Here at Quizlet, our goal is to help students practice and master whatever they’re learning — and to do it as efficiently as possible. Research shows that the most effective way to learn involves spreading study out over a long period of time and reviewing terms with longer and longer delays each time, a process known as spaced repetition. However, students don’t always have the luxury of spending days or weeks repeatedly reviewing material. They’ve got a test tomorrow, and they need to learn the material now. So our challenge is: How can we present learning material so students are always focusing on whatever they need to work on the most?

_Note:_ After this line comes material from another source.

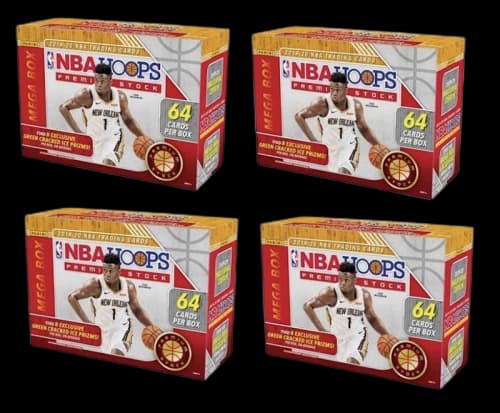 2019-20 Panini NBA Hoops Premium Stock Basketball Mega Box 64 ct. 4x Lot
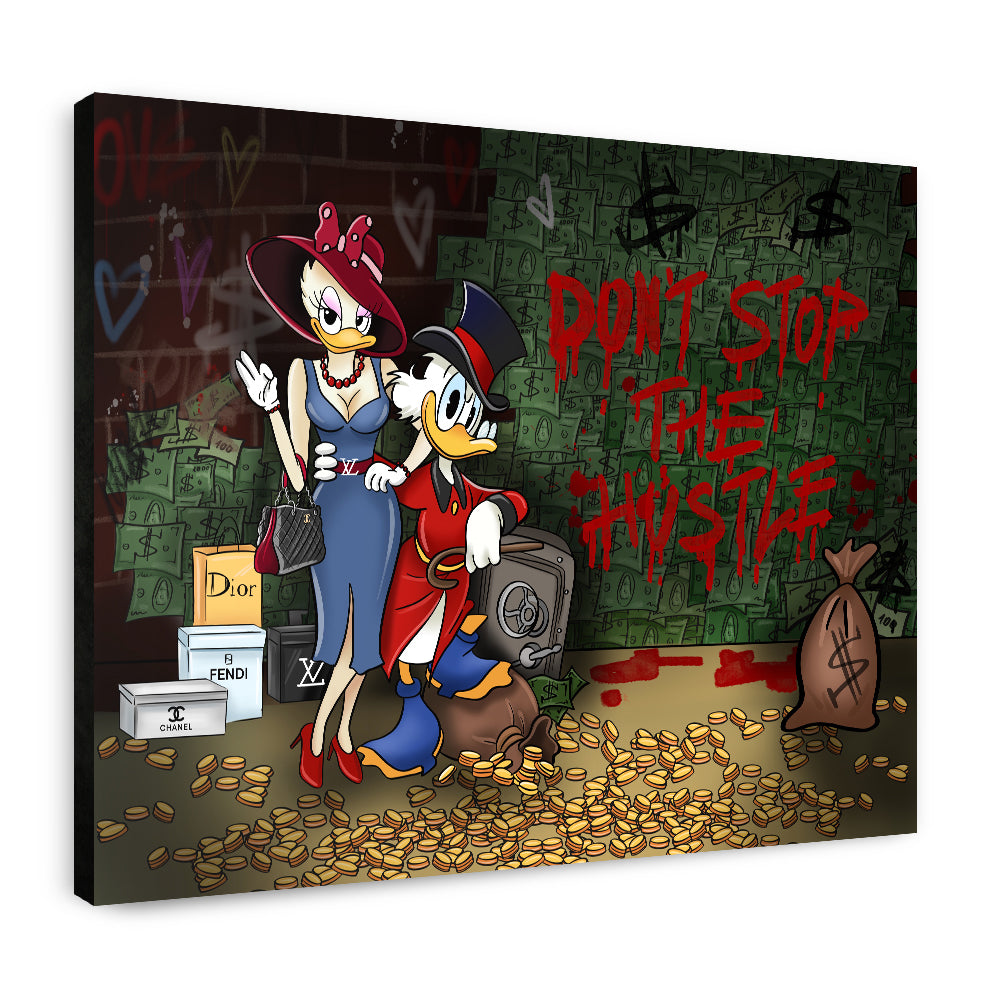 Don't Stop The Hustle - Canvas Wall Art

With that goal in mind, we set out to build a brand new framework for choosing and ordering terms to study on Quizlet. We call it the Learning Assistant Platform. It powers the new Learn, which launches today on iOS, and soon on Android and Web! We aim to have this algorithm drive the question selection for many of the learning experiences on Quizlet.
Classic Quizlet Learn
The original Quizlet Learn had a very simple algorithm: Answer one question for every term, repeat all the questions you got wrong, and continue until you’ve gotten each question correct. This is a great start, but it’s usually not enough to be ready for a test. We took a look at a small sample of all the answers on Quizlet and saw that after getting a term correct on the first try, once a user sees it a second time (whenever that may be), there’s only about an 87% chance they’ll get it right. And if it took a few tries to get right, that number drops much lower: below 70%. Students could keep studying by restarting Learn from the beginning, but now they’re spending a lot of time re-studying terms they already know fairly well instead of focusing on the ones that need more work. That’s not the most efficient use of time, and we knew we could improve on that.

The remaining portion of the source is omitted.